## Exercise details
From the data that follows, set down exactly the lines from the one with "Gerard Darel Paris" through the one with "Shaded Relief 3D", counting both. Pictures stay out.

## Material provided
____________________

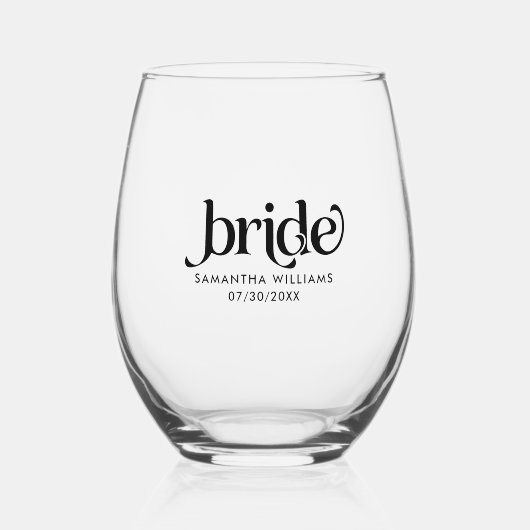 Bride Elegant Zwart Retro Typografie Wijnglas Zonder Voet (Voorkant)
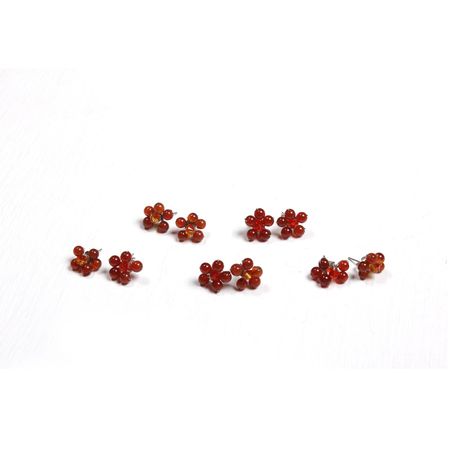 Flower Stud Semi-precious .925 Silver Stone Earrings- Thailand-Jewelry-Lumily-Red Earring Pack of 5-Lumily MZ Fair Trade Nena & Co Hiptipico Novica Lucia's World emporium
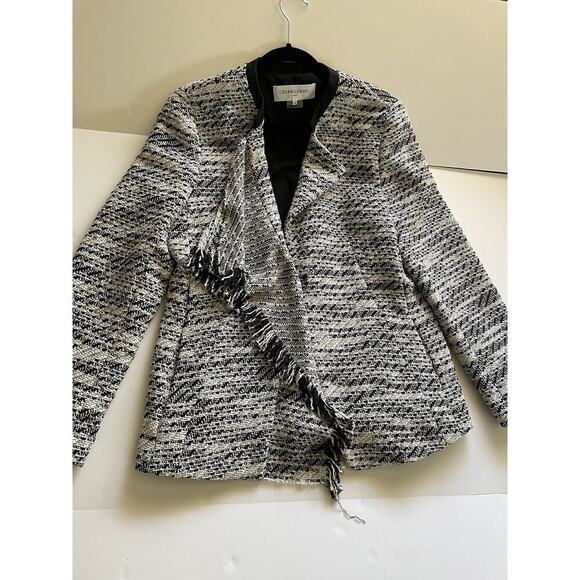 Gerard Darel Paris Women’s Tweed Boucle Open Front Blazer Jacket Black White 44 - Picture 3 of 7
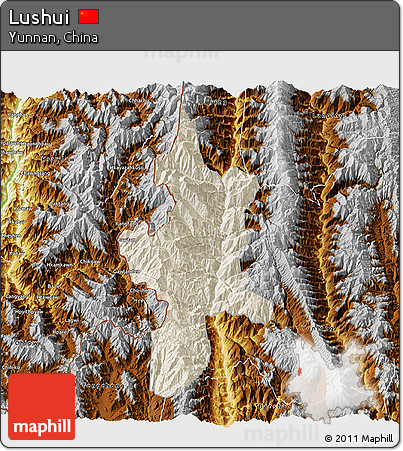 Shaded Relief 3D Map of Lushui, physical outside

____________________

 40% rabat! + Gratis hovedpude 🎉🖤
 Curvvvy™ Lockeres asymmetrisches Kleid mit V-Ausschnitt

____________________

## Solution to this exercise
 Gerard Darel Paris Women’s Tweed Boucle Open Front Blazer Jacket Black White 44 - Picture 3 of 7
 Shaded Relief 3D Map of Lushui, physical outside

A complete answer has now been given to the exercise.